運慶と村上隆

今年の3月末にニューヨークのクリスティーズで運慶作の木造大日如来坐像が12億5千万円で真如苑に落札されたときには、「日本の国宝級の美術品が海外流出を免れた。」、「海外でのオークションの日本美術作品の最高額。」とかで、日本のメジャーな新聞、テレビなどが大きく取り上げた。


その2ヶ月後に、同じニューヨークのサザビーズで村上隆のMy Lonesome CowBoyが16億円で落札されたときには、メジャーなメディアではさらっと流す程度、ブログなどでは、フィギュアに16億円なんて西欧人の考えることはよくわからんというような反応が多かったような気がする。

この2つの出来事を並べたときに、よく考えたら、少なくとも現時点で、村上隆の落札額が国宝級の運慶作品を上回っていること、さらに現在ブルックリン美術館で開かれている村上隆の個展に出ている彼の大作のほとんどの所有者が西欧人であること(高橋コレクションの所蔵作品が入っているのを除いて)を言い換えれば、国宝級の作品を上回る価格がついている日本人作家の作品の大半がすでに海外流出しているということでしょう。
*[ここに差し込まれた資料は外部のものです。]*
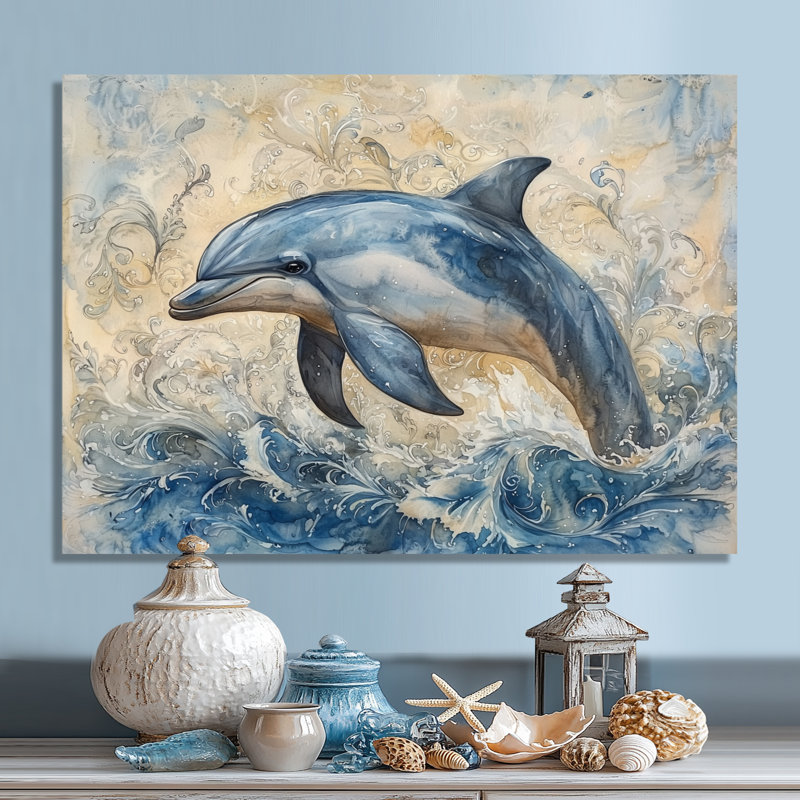 «Dolphin Majestic Oceanic Environment II - Animals», art mural en métal, impression de dauphin, H 16 po x l 32 po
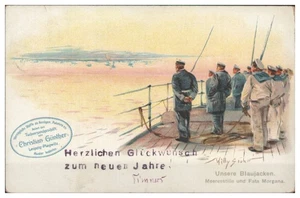 XX4136/ Unsere Blaujacken   Marine Litho AK Willy Stöwer, C. Günther Reklame  - Bild 1 von 2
私個人として村上隆の作品をとても気に入っている訳ではないのですが、それでも百歩譲ってこの2つの事柄に対する世の中的なリアクションは少しおかしいと感じました。
オークションはあくまで結果であって、その金額を説明するのは基本的にはそれを買った人にしかできないと思うのですが、美術作品だけでなく、日々食べている魚の値段も基本的にはオークション形式で価格形成されているわけで、マーケットを形作るかなり有力な方法なわけです。今回の結果、あるいはもう少し一般的なトップレベルの現代アート作品の取引価格について、少なくとも日本のメジャーメディアの文化欄を担当されている方はある程度受け入れた上で中身のある分析をしてもらえればなあと思います。

その中では、産経のこの記事は一番つっこんでいる気がしますが、文化欄担当の方がかいていらっしゃるわけではなさそうですね。日本の文化にとって大きなインパクトがある出来事だと思うのですが。